Friday, September 13, 2013

Biology...and Ultrarunning

I once read that humans and canids (wolves, foxes, dogs) are the only trotting carnivores ever evolved on the planet.

I don't know enough evolutionary biology to evaluate that statement, but I did just read this recently, about why humans can run long--long enough and steady enough to outrun horses--but can't outjump a cat:

At first glance the annual Man vs. Horse Marathon, set for June 9 in Wales, seems like a joke sport brought to us by the same brilliant minds behind dwarf tossing and gravy wrestling. It was, after all, the product of a pints-fueled debate in a Welsh pub, and for years its official starter was rock musician Screaming Lord Sutch, founder of the Official Monster Raving Loony Party. But the jokiness is misleading: When viewed through science’s clarifying lens, the funny marathon is one of the few sports that isn’t a joke.
 
The oddsmakers would have known better if they'd been following the work of Harvard anthropologist Daniel Lieberman and University of Utah biologist Dennis Bramble. They jointly proposed in a 2004 paper that we're superlatively endowed by evolution to go long. Our long-striding legs are packed with springlike tendons, muscles, and ligaments that enable us to briefly store elastic energy as we come down on a foot and then recoil to help propel us forward.
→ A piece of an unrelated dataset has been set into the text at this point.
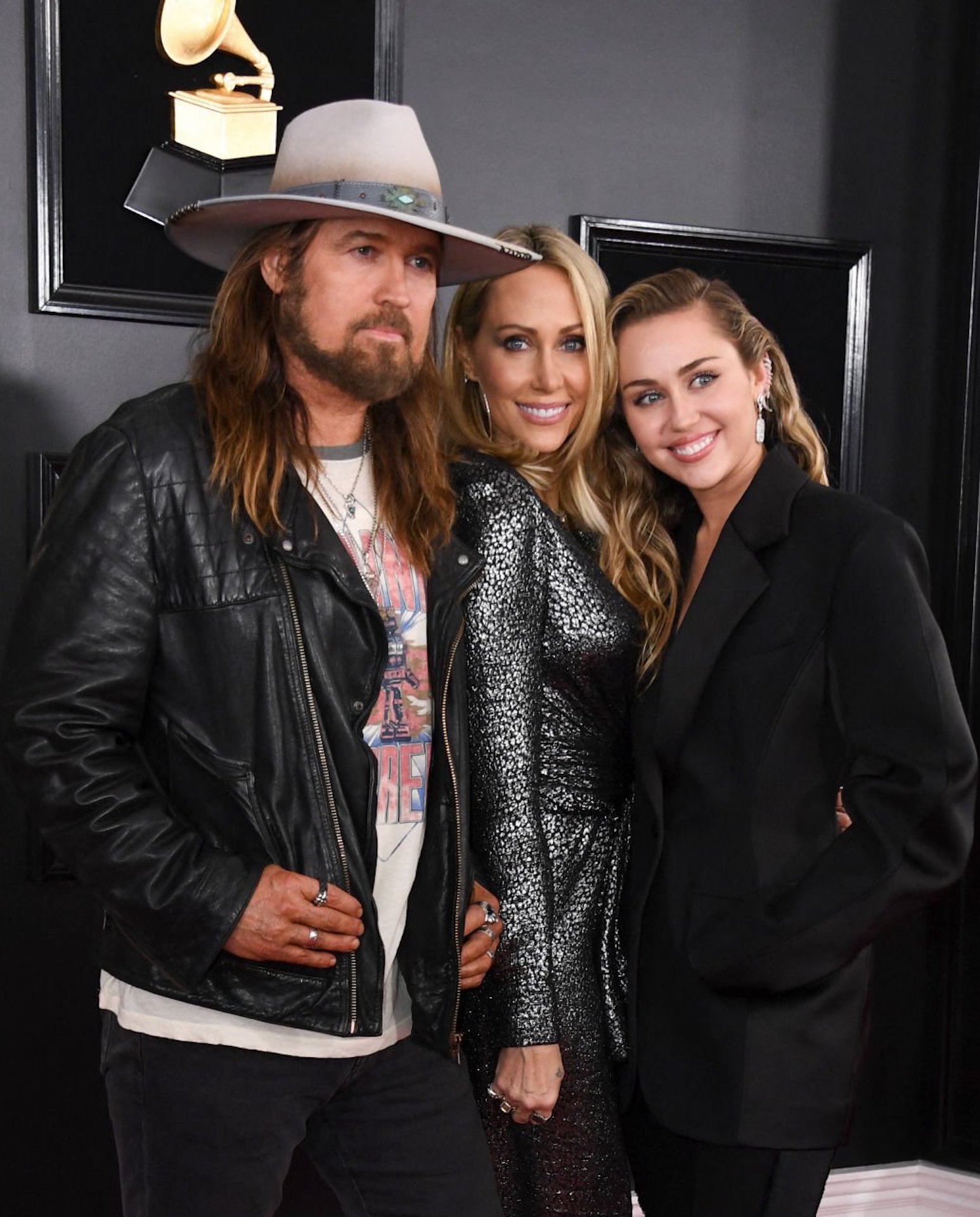 Miley Cyrus lên tiếng về tin đồn bất hòa với cha mẹ - Ảnh 2.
Tellingly, the most important of these springs, our big, strong Achilles tendons, aren’t found in early human precursors such as Australopithecus—it seems that the high-end tendons evolved along with other adaptations for distance running in the genus Homo when it appeared on the African savanna about 2 million years ago.

So there you have it: we are actually designed for long-distance running.  It's not just a sport we pick up for the hell of it.